Can you solve this limit simply by l'hopitle rule or is there a more complex method by which you can go about this?

Answer 1

`lim_(x to 0) (x^2sin(x))/(sin(x)-xcos(x)) = 3`

Explanation:

Given: `lim_(x to 0) (x^2sin(x))/(sin(x)-xcos(x))`

The expression evaluated at 0 yields the indeterminate form `0/0`, therefore, the use of L'Hôpital's rule is warranted.

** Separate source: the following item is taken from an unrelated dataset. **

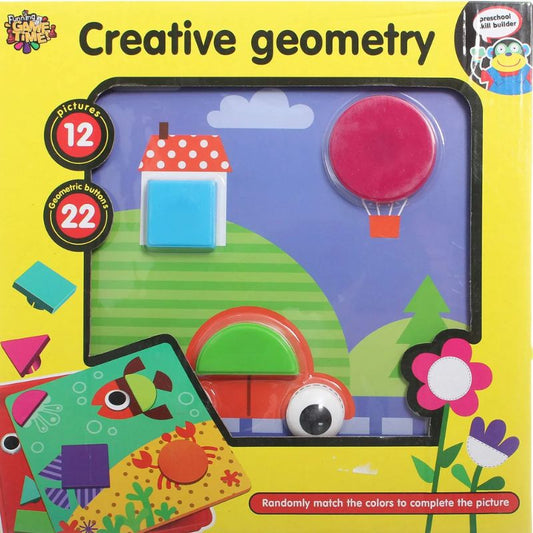 Colorful Geometry Fun 12 Pictures & 22 Interactive Buttons for Creative Play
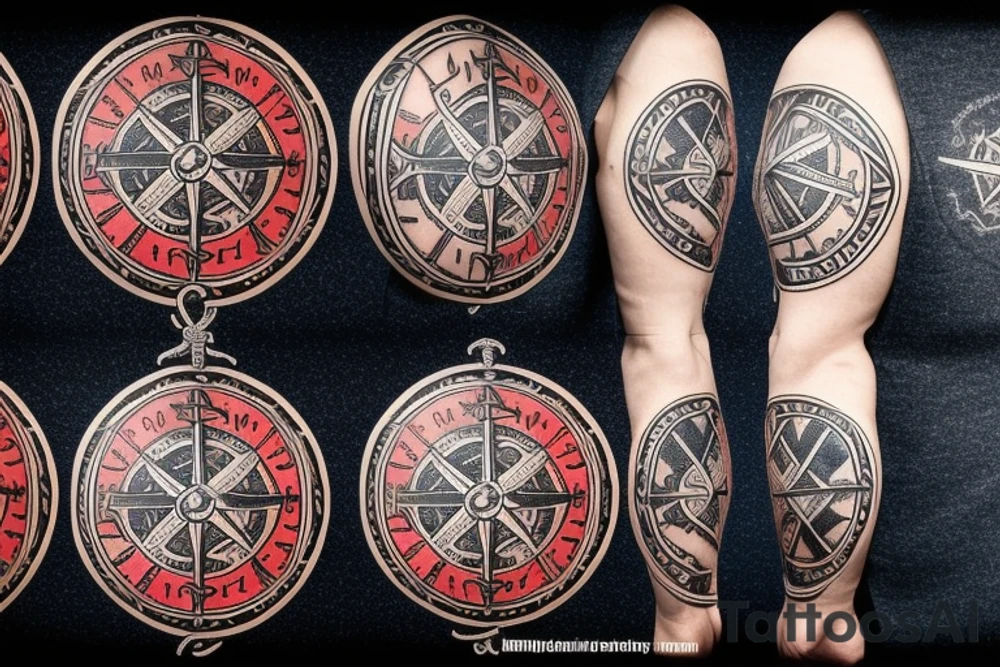 Vegvisir compass with an anchor and rope, with the Maryland state flag and the 9th infantry crest tattoo idea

Apply L'Hôpital's rule by differentiating the numerator and the denominator:

`lim_(x to 0) ((d(x^2sin(x)))/dx)/((d(sin(x)-xcos(x)))/dx)`

`lim_(x to 0) (2xsin(x)+x^2cos(x))/(xsin(x))`

Simplify:

`lim_(x to 0) 2+(xcos(x))/sin(x)`

substitute `(xcos(x))/sin(x) = cos(x)/(sin(x)/x)`

`lim_(x to 0) 2+cos(x)/(sin(x)/x)`

`lim_(x to 0) sin(x)/x = 1` and `lim_(x to 0) cos(x) =1`, therefore, the fraction becomes `1/1`:

`lim_(x to 0) 2+cos(x)/(sin(x)/x)= 3`

According to L'Hôpital's rule, the original expression must go to the same limit.

Answer 2

3

Explanation:

Using series expansions.

`lim_(x to 0) (x^2sin(x))/(sin(x)-xcos(x))`

`= lim_(x to 0) (x^2(x - x^3/(3!) + bb O(x^5) ))/((x - x^3/(3!) + bb O(x^5))-x(1- x^2/(2!) + bbO(x^4))`

Simplifying a bit:

`= lim_(x to 0) ( x^3 + bb O(x^5) )/( - x^3/(3!) + x^3/(2!) + bbO(x^4))`

`= lim_(x to 0) ( 1 + bb O(x^2) )/( 1/3 + bbO(x)) = 3`